# Solar panels, where from please?



## erneboy (Feb 8, 2007)

Just been reading on another thread that solar panels are cheap in Spain. I have not noticed this, can anyone recommend a supplier, anywhere near the coast will do as we will be all along at one time or another. Thanks Alan.


----------



## C7KEN (May 27, 2005)

I imported mine from Germany from Kroekraft. Good prices and typican German efficiency. You will find them on ebay if you search


----------



## erneboy (Feb 8, 2007)

Thanks Ken, I will have a look, Alan.


----------



## teemyob (Nov 22, 2005)

*Panels*

So_Hola!

Ebay Spain

Ebay.de

I cannot get the ebay.de Germany to fit so emailed you a link!


----------



## trek (May 1, 2005)

I recently bought a thin walk on semi flexible 70watt panel from a factory in Cardiff

paid about £340 inc VAT

http://www.pvsystems.com/flexi-panels/
http://www.pvsystems.com/images/general/flexi-70.pdf

check out their prices for other panels in the attachment


----------



## erneboy (Feb 8, 2007)

Thanks Trek, we are in Spain and I have read that solar panels are cheaper here so I was trying to find out where people had been getting them.
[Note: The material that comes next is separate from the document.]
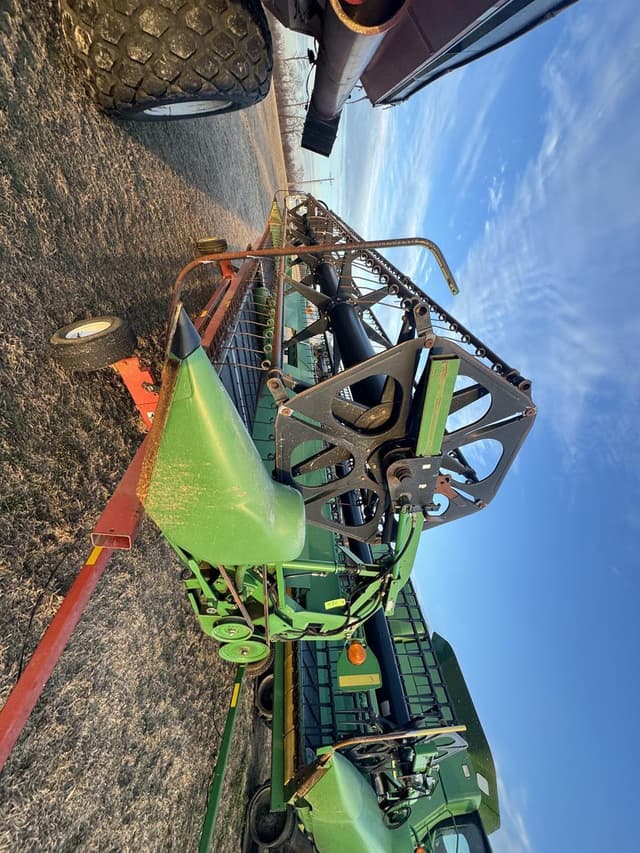 Image of John Deere 925D equipment image 1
I will keep your link and if I do not get sorted out here I can try your source next time we are in the UK, Alan.


----------



## trek (May 1, 2005)

I noticed some very good offers on this site once ?

http://www.teknosolar.com/

Paseo Rajolar, 4 local 4
46100 Burjassot (VALENCIA)

TELÉFONOS: 902 011 091 / 962 060 121
FAX: 901 707 375
EMAIL: [email protected]


----------



## erneboy (Feb 8, 2007)

Thanks Trek, that is very useful, I will be in Valencia in a few weeks time, Regards, Alan.


----------